The truth of the matter was, Charlotte had forgiven Francis for his hesitation by the time the dawn had broken the morning after their spat in the garden. He was a damaged man, for lack of a better word. Not physically, really, though he did have old, unexplained injuries. No, his wounds were more mental and try as she might, Charlotte could not quite imagine what it must be like for him to have no memory of the first nine and twenty years of his life. To wake up and suddenly not know who you are, only to find that whoever you once th
ought you might have been was not who you really were at all. Which was all very confusing, but it was what it was.
It was also a complex situation, and it was little wonder that Francis was hesitating over marrying her. He might care for her. In fact, she was certain that he did. However, if one could not remember one’s past, were they truly free to give their future to another? Charlotte didn’t know, so she had decided to grant Francis a little more time to make his decision. But not too much time for she did not have that time to spare.
She also wished he would tell her the truth about why he was pulling away from her. Though as she sat there watching her mother sleep and pondering their own fractured relationship, Charlotte had to wonder if she was guilty of the same things she had accused Francis of doing. Was she pulling away from him as well?
Charlotte had concluded that she might be. For the longer this courtship – if that was even what it was – dragged on, the more nervous she became about Francis’ feelings for her, and when she was nervous, she often backed away in order to protect herself. She had been doing so since childhood, though it was hard not to do so given the way her parents behaved.

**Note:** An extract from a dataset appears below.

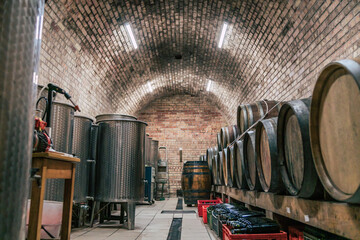 Traditional wine cellars with barrels, casks and stainless steel wine tanks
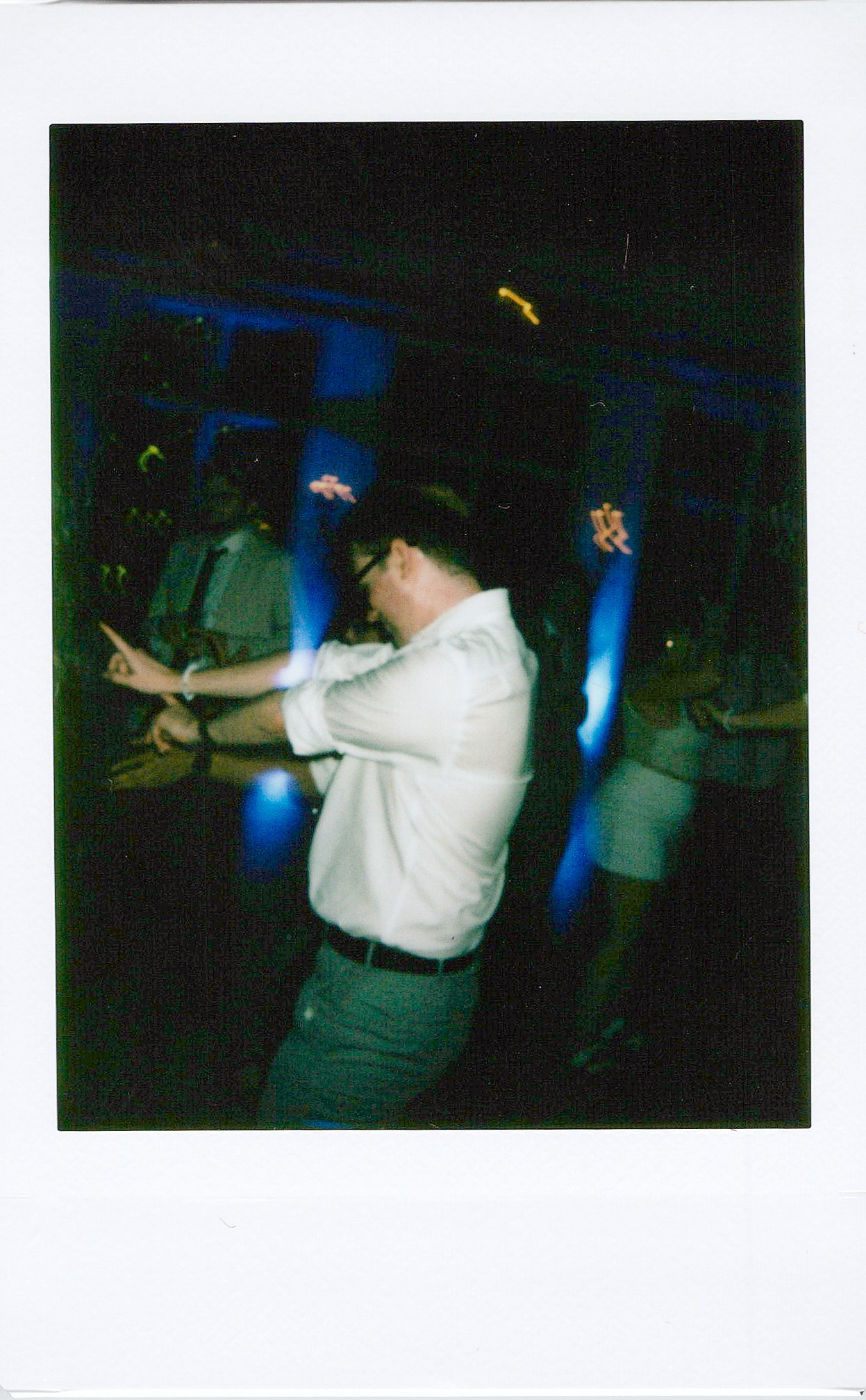 A man with glasses wearing a white shirt and green pants is standing with his head bent down and arms crossed in a dark room with blue and yellow dotted lights.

That, of course, led to the bigger question, at least in her mind. Did she still wish to wed Francis? Or had she remained with him out of habit and security? Was she begging for marriage simply as a way to escape her family? Or did she still truly care for him as she had a year ago?
Those were questions she could not answer just then, so Charlotte had decided, as her carriage rolled westward, that she would take the next few days at the house party to see if she could answer those questions with both time and distance from London. After all, this party would be full of available gentlemen and just because she had not seriously entertained any of them as a suitor in nearly a year did not mean that she could not do so now, even if it were only for the length of the dance. Perhaps if she did that, tested herself to see if she felt that same flare of attraction for another man as she did for Francis, she could decide if it was truly Francis she desired or simply the marriage as a means of escape.